Nell’Unione Europea questa situazione è la norma, da molti anni a questa parte. Ed ogni evento critico, anche se causato proprio da questo assetto (oltre che dalla più ampia crisi sistemica del capitalismo), viene utilizzato per renderlo ancora più stringente. Ed anche questo è ovvio: meno risorse ci sono, più cresce la competizione per accaparrarsele, più “i forti” stringono alla gola “i deboli”.

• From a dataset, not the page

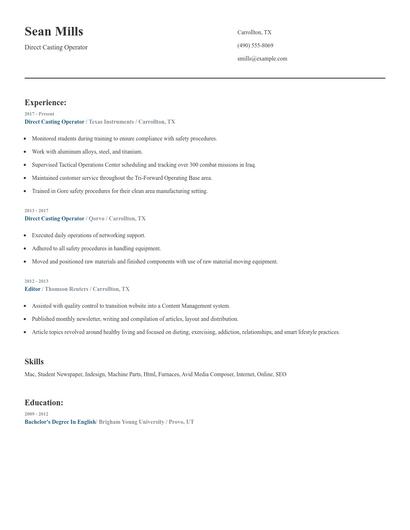Direct Casting Operator Resume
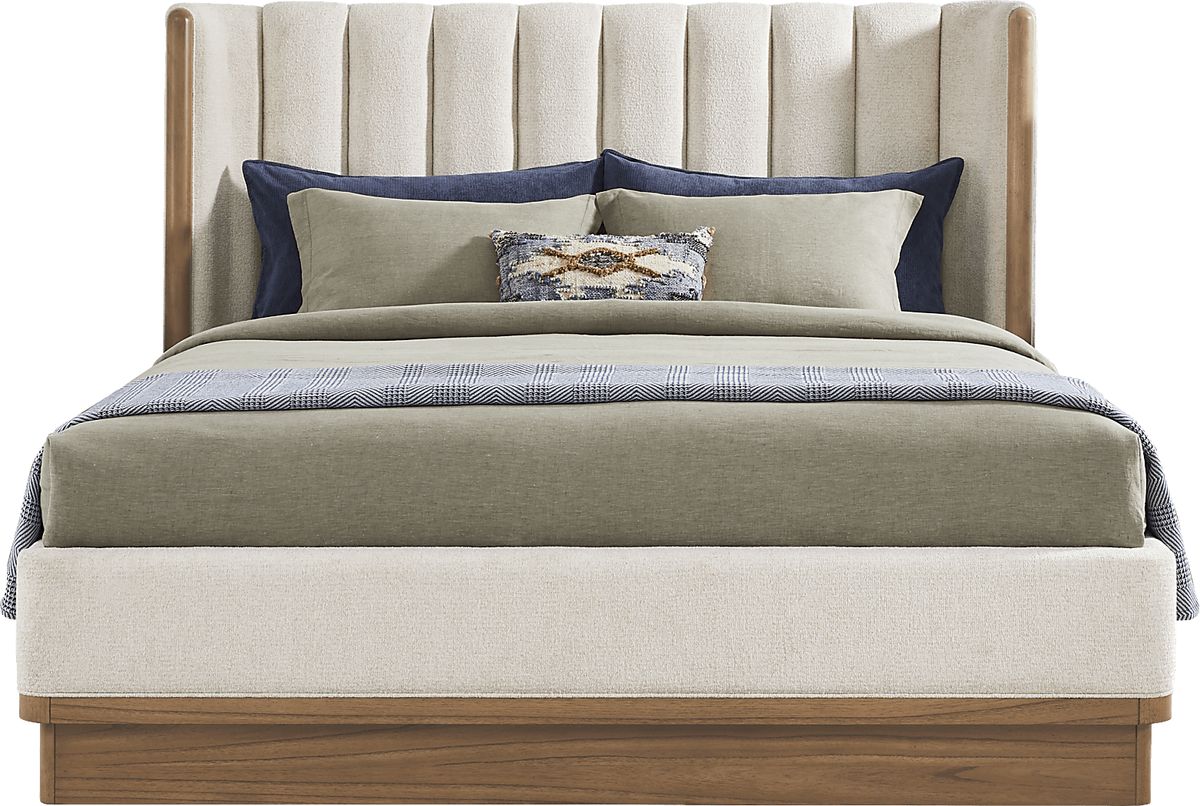 Bristol Bay 5 Pc Brown Dark Wood White Polyester Fabric Queen Bedroom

Se non vi è bastata la vicenda greca, con Tsipras “costretto” alla resa (si è parlato addirittra di waterboarding mentale, in occasione della firma dell’”accordo” del 12-13 luglio), potrebbe aiutarvi a capire meglio la situazione uno studio pubblicato due giorni fa dall’Halle institute for economic research (Iwh), uno dei principali istituti di ricerca economica in Germania. Studio che ha preso in esame la dinamica dei tassi di interesse sui titoli di stato – differenziatissima, tra i 19 paesi dell’eurozona – nel corso dell’evoluzione della crisi, dal 2008 ad oggi.
La conclusione non è molto originale – ci permettiamo di far notare che l’avevamo notata da tempo, come molti altri commentatori – ma ha un forte potere d’impatto proprio perché proviene da un istituto scientifico tedesco: «Il pareggio di bilancio in Germania è in gran parte il risultato di pagamenti di interessi più bassi a causa della crisi del debito europeo».
Vi sebra un po’ criptico? Allora sciogliamo l’arcano. Ogni paese dell’eurozona si finanzia o rinnova il proprio debito emettendo titoli di stato, su cui paga un tasso di interesse fisso (stabilito al momento dell’emissione) più uno spread derivante dalle oscillazioni di prezzo sui mercati. Un titolo di stato viene “piazzato” al prezzo convenzionale di 100 euro, ma è chiaro che se si tratta di un Bund tedesco – ritenuto “molto sicuro”, perché lo Stato in questione è certamente solvibile, ossia restituirà certamente la cifra piena alla scadenza del titolo – il prezzo che gli investitori sono disposti a pagare sarà anche superiore alla cifra nominale (es: 120 euro). In questo modo l’investitore (una banca, un privato, chiunque) rinuncia consapevolmente a una parte degli interessi che dovrà ricevere nel corso degli anni (la cedola a tasso fisso o indicizzato a qualche altra dinamica variabile) pur di avere la certezza che i suoi soldi rientreranno.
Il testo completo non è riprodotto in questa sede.